Elle incarnait la résilience du luxe à l’allemande. Aujourd’hui, Porsche vacille. Ventes en recul historique, milliers de postes supprimés, marchés clés perdus : la tempête est loin d’être terminée.
Des ventes au plus bas depuis 2009 et la menace d’une nouvelle saignée sociale
Les ventes 2026 de Porsche pourraient tomber sous le seuil des 280 000 unités enregistrées l’an passé, elles-mêmes les plus basses depuis 2009. Un recul brutal pour une marque habituée aux records.
Le chiffre d’affaires du groupe a reculé à 36,27 milliards d’euros en 2025 contre 40,08 milliards en 2024, dans un contexte économique et géopolitique particulièrement tendu.
Conséquence directe : de nouveaux licenciements se profilent.

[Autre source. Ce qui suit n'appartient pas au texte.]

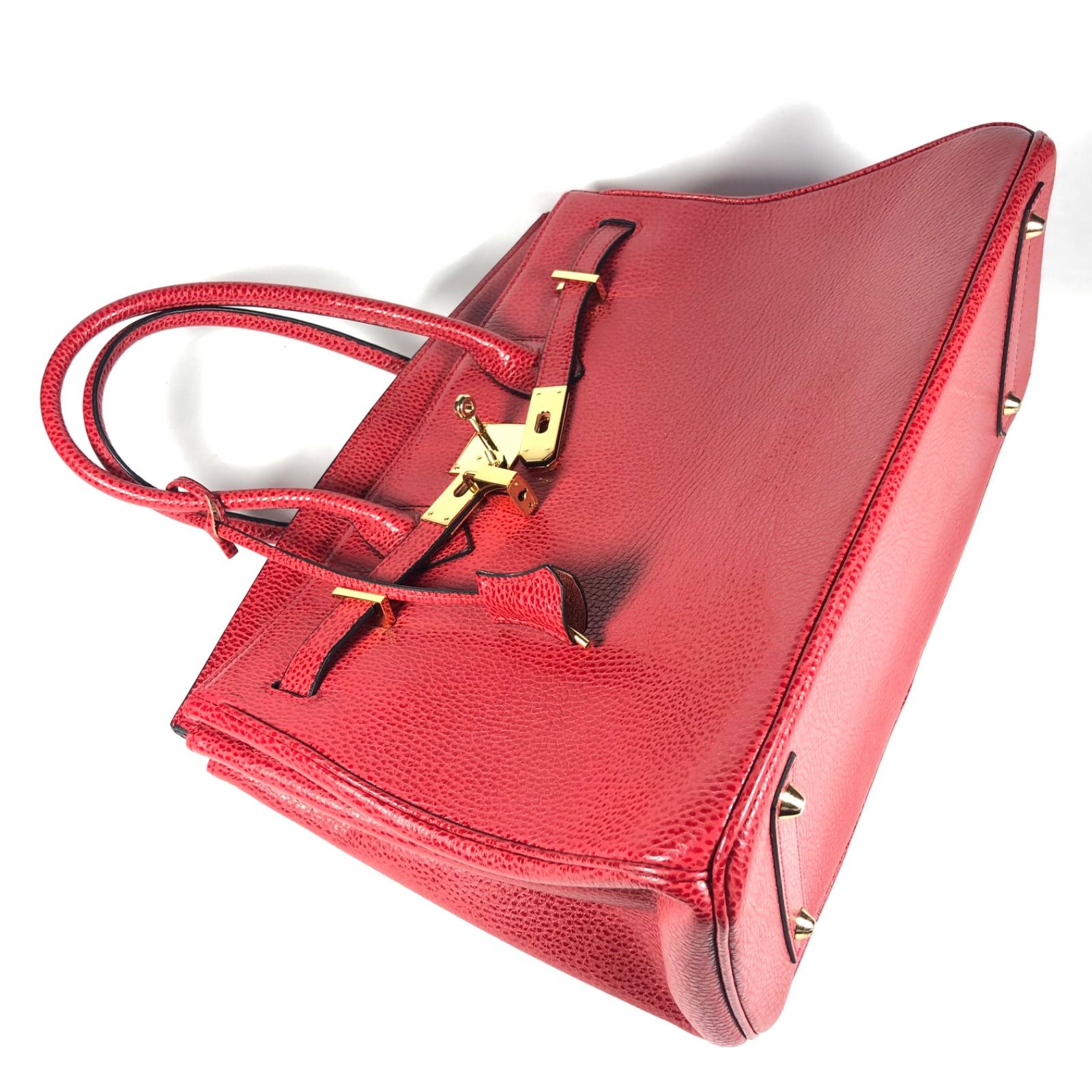 レザー トートバッグ レッド 南京錠付き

Entre 2 000 et 4 000 postes supplémentaires pourraient être concernés, selon des sources internes, ce qui porterait le total à près de 8 000 départs sur 42 000 salariés en l’espace d’un an.

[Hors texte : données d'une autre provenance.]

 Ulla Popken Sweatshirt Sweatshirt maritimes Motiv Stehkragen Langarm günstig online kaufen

Michael Leiters : l’homme de l’ombre aux commandes
Nommé en janvier 2026, Michael Leiters, ancien PDG de McLaren et ex-dirigeant chez Ferrari, incarne la volonté de Porsche de renouer avec l’esprit de performance qui a fait sa réputation. Mais sa méthode tranche avec celle de son prédécesseur. Intransigeant, centré sur les résultats, il résume sa philosophie en une phrase : « Ce qui compte, c’est la performance. »
Un accord avec les syndicats est attendu d’ici fin juillet. Des « collaborations approfondies avec Audi » sont également évoquées, soulevant la question d’un possible rapprochement capitalistique au sein du groupe Volkswagen.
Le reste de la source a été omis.